En 2021, les économistes prévoyaient que l’inflation reviendrait rapidement à son niveau des dernières années, soit autour de 2 %. L’invasion de l’Ukraine et la persistance insoupçonnée des difficultés d’approvisionnement au sein d’une économie mondialisée ont toutefois changé la donne.
Au Québec, les prévisions les plus récentes placent l’inflation annuelle pour l’année 2022 autour de 6,6 %. Il faut reculer à 1991, peu après la fin de la guerre du Golfe, pour retrouver un niveau d’inflation aussi élevé.
Les facteurs en cause
Cette résurgence de l’inflation se manifeste également un peu partout sur la planète. Six principaux facteurs expliquent l’accélération de l’inflation depuis la reprise économique postpandémie.
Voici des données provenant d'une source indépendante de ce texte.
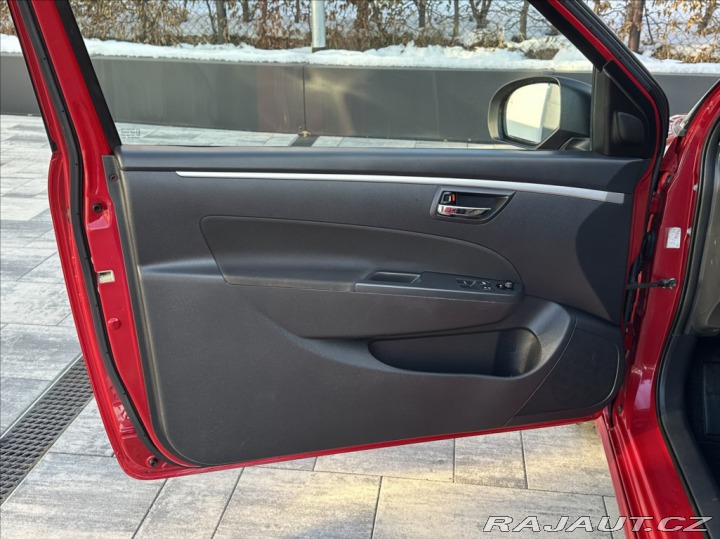 Suzuki Swift 1,6 136PS  Sport 2012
- La consommation refoulée
Les longs mois de confinement et de lutte contre la pandémie ont refoulé, dans une certaine mesure, la consommation des ménages par rapport à son rythme habituel. En 2020, on a constaté un peu partout une hausse des taux d’épargne des ménages et un affaiblissement des prix. Lors de la « réouverture » de l’économie en 2021, il y avait donc un rattrapage à faire du côté des prix.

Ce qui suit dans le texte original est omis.